What can I say about that post-termination Thursday?

My oldest son and I got ready to head off for our dental appointment, with me getting one of my back teeth pulled and my son getting his three cavities filled.  I let my son go in first because he had to rush off to his college class again when the work was done on him.  I was amazed that they finished with him in less than 30 minutes.

Then it was my turn.  I knew what was in store for me, although I was happy to discover that the dentist would numb my cheek and gum slightly with a dab of Anbesol or something like it before getting the big needle stuck in to REALLY do the job of feeling absolutely no pain.

“So this is the numbing before the numbing?” I asked the dentist after he’d swabbed with the gel.

“Well, I like to …” he started answering with more of a clinical explanation before hesitating a bit.  “Yeah, the numbing before the numbing.  That’s probably the best way to put it, now that you mention it.”

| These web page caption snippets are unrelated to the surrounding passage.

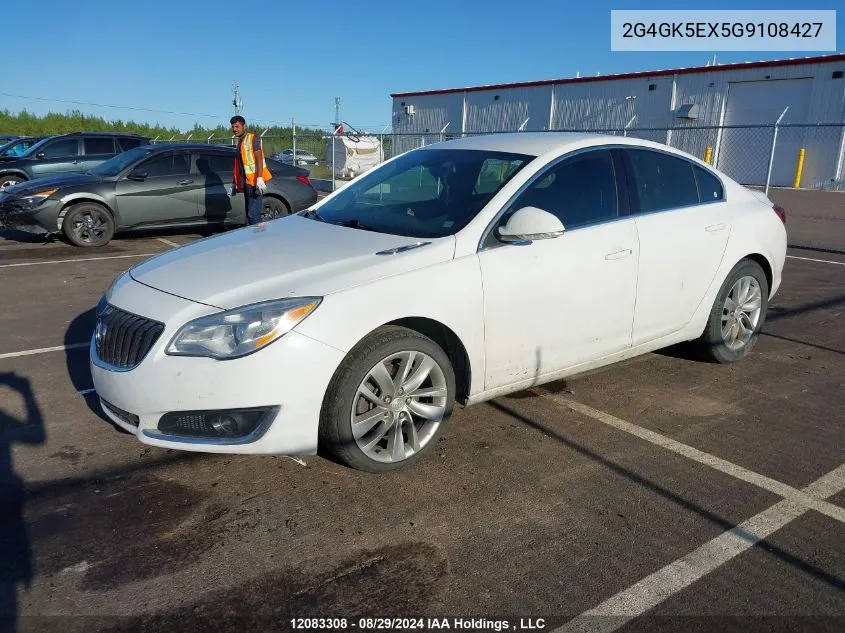 2016 Buick Regal VIN: 2G4GK5EX5G9108427 Lot: 12083308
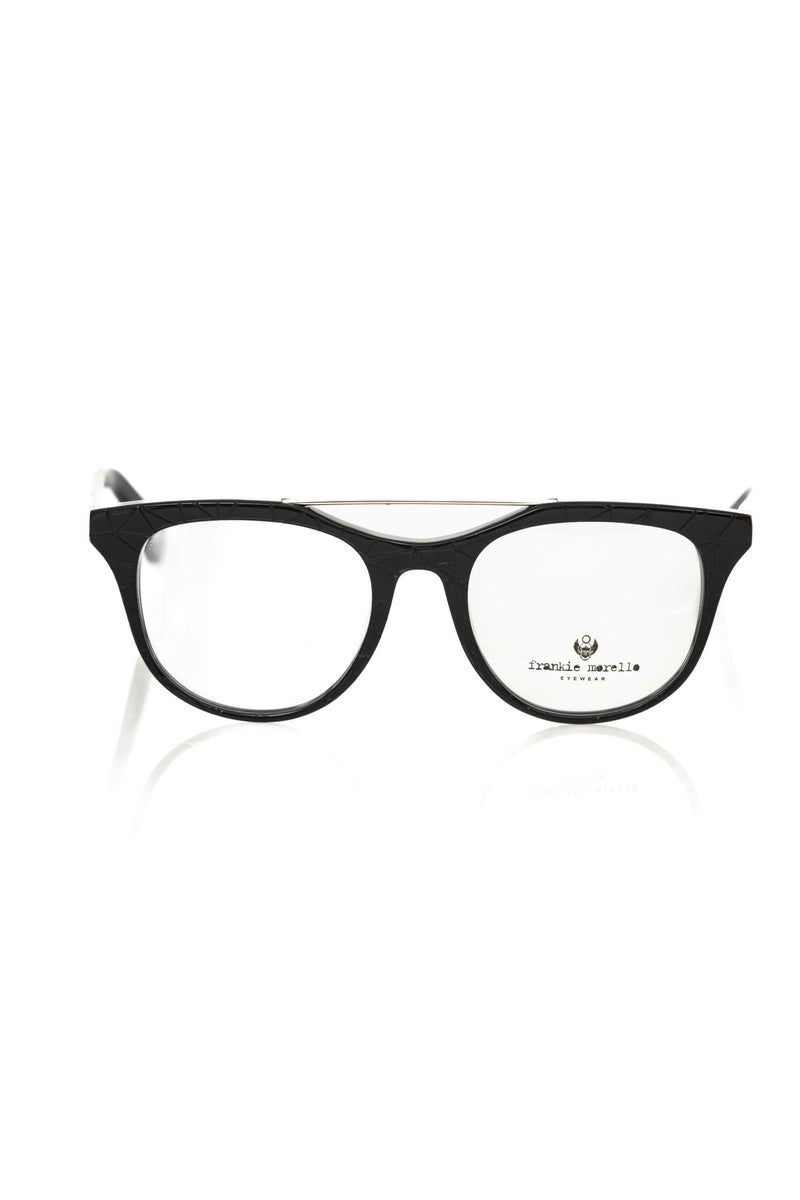 Black Acetate Unisex Eyeglass Frame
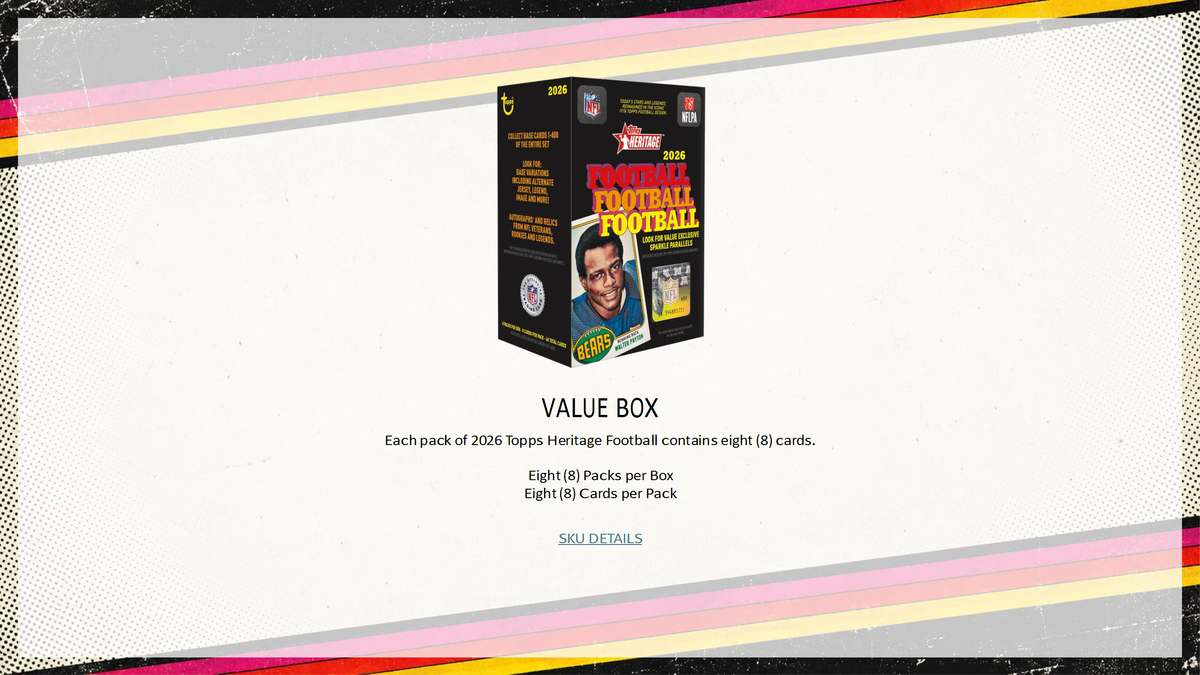 2026 Topps Heritage Football Hobby Box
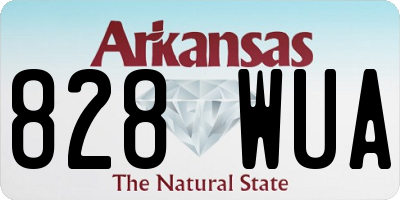 AR license plate 828WUA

The needle soon went in with the old, familiar “Now, this is gonna pinch a bit, bear with me” words of warning.  I sat in the chair and relaxed while the stuff that was just shot into my cheek and gum did its thing, listening a bit to the conversation the doctor was having with another patient not far behind me, and looking out at a clear, sunny day.

Then, the doc came back in to see me and do the deed.  I’m not sure which is worse … finding out that you’ve lost your job and your family’s comfort and security are on the line, or seeing a dentist grab a curved pair of pliers and swinging back around in his chair to stick that instrument into your mouth.

Okay, maybe with all that numbness in my mouth it wasn’t all that bad.  The worst part was hearing and very slightly feeling a cracking as the tooth was being gently wiggled and pulled out at the same time.  The tooth was in such bad shape with the root cracked to where he had to fish around some more for a smaller piece that was still in there after the majority of it had already been pulled out.

Yeah, I think losing the job was a bit more painful.

With gauze stuck in my mouth and me biting down to stop the blood and a plastic bag with more gauze to take home, the doctor wrote out a prescription for a strong painkiller (not to be taken at a time when I’d be driving) and some penicillin to take away any infection.  He told me that the other tooth that still needed root canal work done could probably wait up to a year or so, unless I started noticing any pain.  I didn’t even recall any unbearable pain with this worst one which seemed to surprise the doctor, unless I’m just one tough ol’ bugger.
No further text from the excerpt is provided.